Rémi Després wrote:
My desire to have privacy is, in itself, something I may want to keep
private.
I am not sure I see the practical consequences.
If my source address says "I am someone but you will not know who I
am", isn't this sufficient?
You're not thinking this through.
Think of the case where there are 1000 users on a LAN, and one of them
desires to use the address privacy option for all the normal reasons.

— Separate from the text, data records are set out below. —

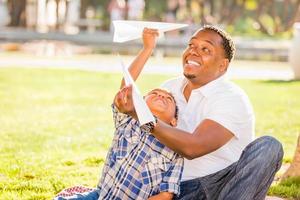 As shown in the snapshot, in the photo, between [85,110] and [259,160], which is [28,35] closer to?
[85,110]

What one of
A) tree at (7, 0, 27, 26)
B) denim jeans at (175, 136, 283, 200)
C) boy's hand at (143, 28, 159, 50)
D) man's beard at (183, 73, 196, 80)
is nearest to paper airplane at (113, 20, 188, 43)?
boy's hand at (143, 28, 159, 50)

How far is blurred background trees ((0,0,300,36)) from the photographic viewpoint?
2958 cm

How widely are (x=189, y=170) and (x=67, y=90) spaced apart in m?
7.78

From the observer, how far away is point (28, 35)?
24.4 m

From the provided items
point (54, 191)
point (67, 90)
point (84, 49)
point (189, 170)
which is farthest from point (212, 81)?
point (84, 49)

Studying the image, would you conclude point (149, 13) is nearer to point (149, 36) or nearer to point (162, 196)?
point (149, 36)

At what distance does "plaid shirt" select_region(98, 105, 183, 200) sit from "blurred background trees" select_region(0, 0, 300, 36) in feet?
72.9

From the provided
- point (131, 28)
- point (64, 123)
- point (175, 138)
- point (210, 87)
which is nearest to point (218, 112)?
point (210, 87)

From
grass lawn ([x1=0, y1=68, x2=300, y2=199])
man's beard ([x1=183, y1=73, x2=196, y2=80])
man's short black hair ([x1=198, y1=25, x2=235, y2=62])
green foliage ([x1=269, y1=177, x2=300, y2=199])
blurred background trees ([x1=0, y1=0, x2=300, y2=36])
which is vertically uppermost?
man's short black hair ([x1=198, y1=25, x2=235, y2=62])

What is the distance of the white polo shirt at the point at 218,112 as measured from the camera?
350 cm

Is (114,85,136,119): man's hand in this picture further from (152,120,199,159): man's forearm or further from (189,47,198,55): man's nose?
(189,47,198,55): man's nose

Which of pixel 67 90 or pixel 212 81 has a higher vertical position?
pixel 212 81

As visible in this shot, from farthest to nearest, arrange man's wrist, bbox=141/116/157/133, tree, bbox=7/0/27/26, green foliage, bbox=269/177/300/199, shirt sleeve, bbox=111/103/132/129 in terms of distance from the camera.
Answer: tree, bbox=7/0/27/26 < green foliage, bbox=269/177/300/199 < shirt sleeve, bbox=111/103/132/129 < man's wrist, bbox=141/116/157/133

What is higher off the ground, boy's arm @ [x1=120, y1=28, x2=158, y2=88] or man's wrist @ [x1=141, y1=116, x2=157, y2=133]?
boy's arm @ [x1=120, y1=28, x2=158, y2=88] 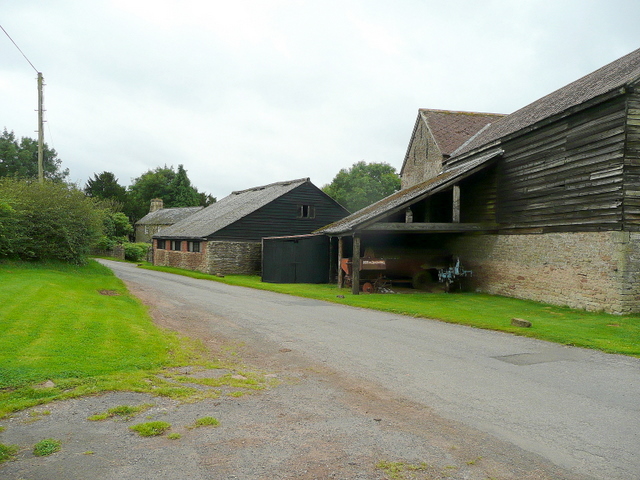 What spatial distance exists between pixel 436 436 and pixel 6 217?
2220 cm

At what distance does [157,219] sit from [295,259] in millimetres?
47891

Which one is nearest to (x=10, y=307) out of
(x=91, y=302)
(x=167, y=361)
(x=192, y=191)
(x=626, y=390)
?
(x=91, y=302)

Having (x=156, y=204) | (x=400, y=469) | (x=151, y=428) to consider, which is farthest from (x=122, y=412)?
(x=156, y=204)

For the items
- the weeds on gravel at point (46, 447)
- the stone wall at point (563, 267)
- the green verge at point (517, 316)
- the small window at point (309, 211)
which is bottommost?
the green verge at point (517, 316)

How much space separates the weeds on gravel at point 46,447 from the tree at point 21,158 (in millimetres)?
70469

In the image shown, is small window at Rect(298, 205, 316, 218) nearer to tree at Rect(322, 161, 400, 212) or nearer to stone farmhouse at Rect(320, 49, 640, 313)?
stone farmhouse at Rect(320, 49, 640, 313)

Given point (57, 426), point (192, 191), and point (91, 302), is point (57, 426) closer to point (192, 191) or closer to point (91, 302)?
point (91, 302)

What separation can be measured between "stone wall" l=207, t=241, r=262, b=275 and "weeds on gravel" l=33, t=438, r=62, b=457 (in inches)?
1114

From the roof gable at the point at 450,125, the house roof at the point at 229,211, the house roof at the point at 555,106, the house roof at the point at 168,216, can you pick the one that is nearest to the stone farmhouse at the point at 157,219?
the house roof at the point at 168,216

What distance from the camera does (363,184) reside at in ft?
217

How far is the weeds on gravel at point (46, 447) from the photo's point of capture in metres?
4.30

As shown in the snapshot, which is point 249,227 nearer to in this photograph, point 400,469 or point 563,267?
point 563,267

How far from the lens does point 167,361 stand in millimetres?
7715

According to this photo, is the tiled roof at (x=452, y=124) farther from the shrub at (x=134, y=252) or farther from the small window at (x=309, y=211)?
the shrub at (x=134, y=252) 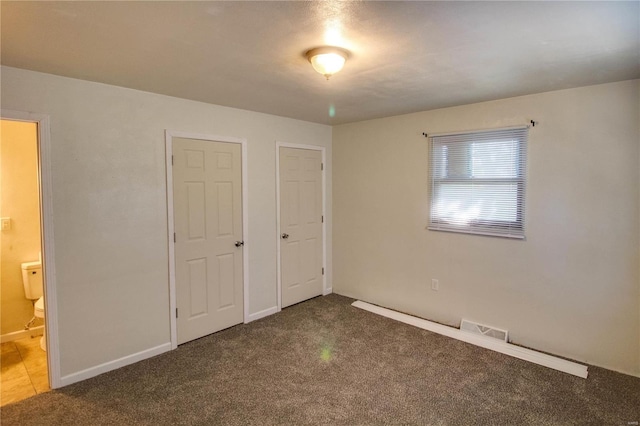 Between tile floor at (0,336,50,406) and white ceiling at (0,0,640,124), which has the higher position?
white ceiling at (0,0,640,124)

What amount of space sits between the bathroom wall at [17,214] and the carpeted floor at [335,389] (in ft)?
5.07

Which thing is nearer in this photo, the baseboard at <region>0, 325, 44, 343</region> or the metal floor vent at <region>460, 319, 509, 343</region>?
the metal floor vent at <region>460, 319, 509, 343</region>

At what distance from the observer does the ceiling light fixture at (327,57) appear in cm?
204

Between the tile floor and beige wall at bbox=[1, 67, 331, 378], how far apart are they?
0.31 meters

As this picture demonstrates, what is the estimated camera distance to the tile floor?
2633mm

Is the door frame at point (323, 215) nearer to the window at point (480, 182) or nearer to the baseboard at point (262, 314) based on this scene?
the baseboard at point (262, 314)

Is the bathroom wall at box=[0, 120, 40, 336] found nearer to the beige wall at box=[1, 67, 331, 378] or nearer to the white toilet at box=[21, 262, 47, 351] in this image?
the white toilet at box=[21, 262, 47, 351]

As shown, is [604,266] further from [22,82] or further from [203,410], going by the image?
[22,82]

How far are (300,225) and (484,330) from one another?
2338 mm

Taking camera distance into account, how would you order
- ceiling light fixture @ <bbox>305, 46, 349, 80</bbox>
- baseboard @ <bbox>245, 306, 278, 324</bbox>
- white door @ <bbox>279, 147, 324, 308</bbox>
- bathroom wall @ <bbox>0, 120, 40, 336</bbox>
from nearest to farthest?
ceiling light fixture @ <bbox>305, 46, 349, 80</bbox>, bathroom wall @ <bbox>0, 120, 40, 336</bbox>, baseboard @ <bbox>245, 306, 278, 324</bbox>, white door @ <bbox>279, 147, 324, 308</bbox>

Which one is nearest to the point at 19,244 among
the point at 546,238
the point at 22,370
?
→ the point at 22,370

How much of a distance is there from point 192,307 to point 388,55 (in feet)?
9.21

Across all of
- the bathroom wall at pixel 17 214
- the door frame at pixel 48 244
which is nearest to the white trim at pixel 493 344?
the door frame at pixel 48 244

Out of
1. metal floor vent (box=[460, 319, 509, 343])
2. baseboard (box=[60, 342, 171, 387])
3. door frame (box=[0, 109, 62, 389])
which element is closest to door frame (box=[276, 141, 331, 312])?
baseboard (box=[60, 342, 171, 387])
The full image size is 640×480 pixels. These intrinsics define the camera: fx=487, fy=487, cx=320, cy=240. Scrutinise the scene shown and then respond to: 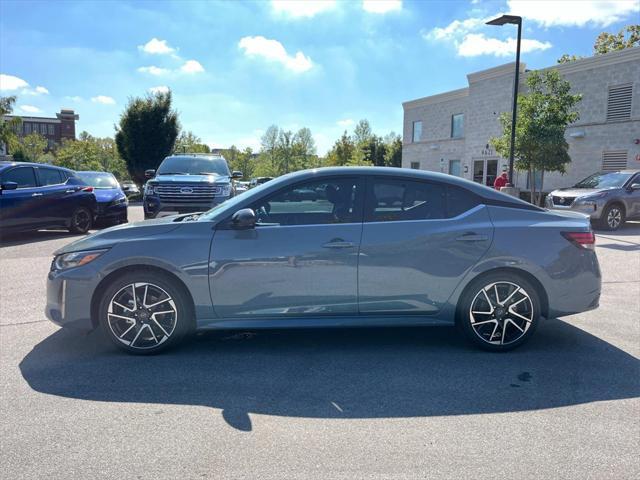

Then think about the policeman / bad guy / secret agent / mafioso with a
trace of all traffic from that LAN - he can immediately say that the 999
were using non-privacy-enhanced addresses, and the resulting trace will
show him immediately what the 1000th was up to, no matter how many times
he changed his address.
If what you want to know is indeed "which site is at the other end",
wildcards at the /64 level will achieve that with no changes to
existing code.
I am not familiar enough with wildcard operation in the DNS.
If it provides for queries that concern only site prefixes, then you
are right: no need for an agreed "wildcard IID".
The result is the same with existing mechanisms, which is clearly better.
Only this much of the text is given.